Core AI

Gradient Descent

Last reviewed: April 2026

The optimisation algorithm that trains neural networks by iteratively adjusting model parameters in the direction that reduces prediction errors.

Gradient descent is the optimisation algorithm at the heart of machine learning training. It is the method by which models learn — iteratively adjusting their parameters to minimise errors.

The intuition

Imagine you are blindfolded on a hilly landscape and need to find the lowest valley. You cannot see, but you can feel the slope under your feet. The strategy is simple: take a step in the direction that goes most steeply downhill. Repeat until the ground levels out. That is gradient descent.

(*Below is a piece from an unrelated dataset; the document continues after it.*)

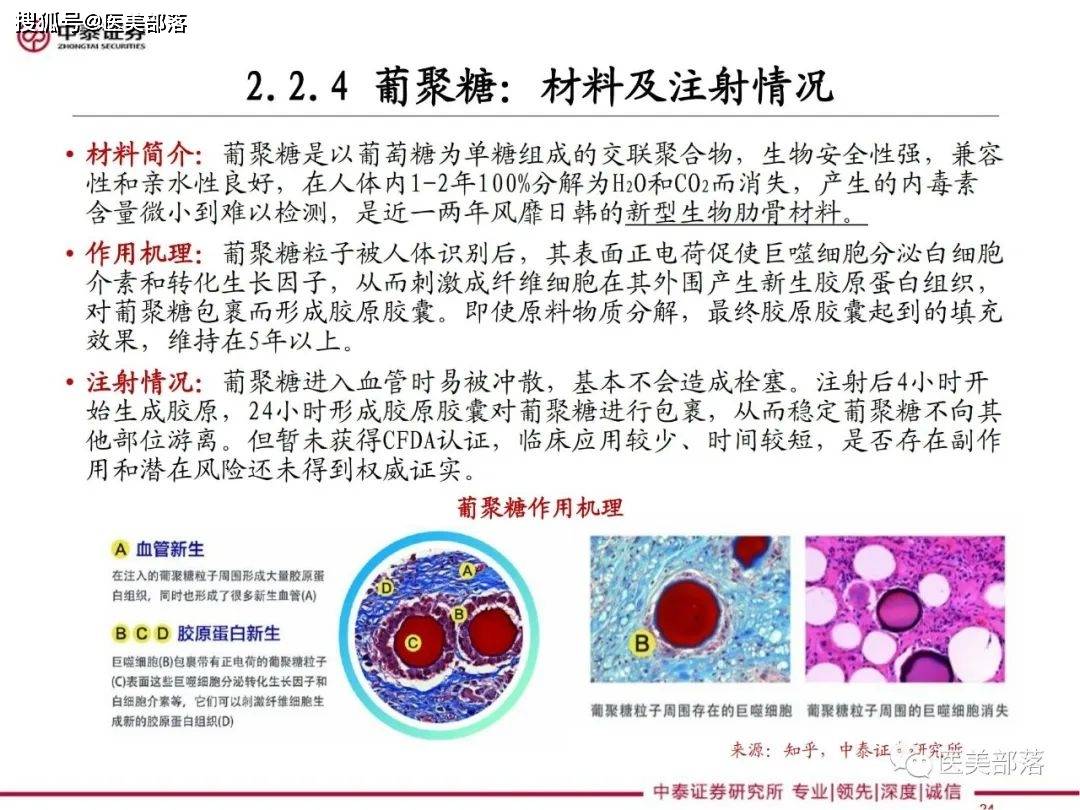 医美报告：《医美细分—再生元年的针剂趋势》 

How it works mathematically

The model makes predictions on training data
A loss function measures how wrong the predictions are
The gradient (mathematical slope) of the loss with respect to each parameter is calculated — this tells you which direction each parameter should move to reduce the error
Each parameter is updated by a small step in the direction that decreases the loss
Repeat for many iterations

The learning rate

The learning rate controls how big each step is:

Too large — the model overshoots the minimum, bouncing around or diverging
Too small — training takes forever, and the model may get stuck in a suboptimal spot
Just right — the model steadily converges to a good solution

Finding the right learning rate is one of the most important hyperparameter decisions in training.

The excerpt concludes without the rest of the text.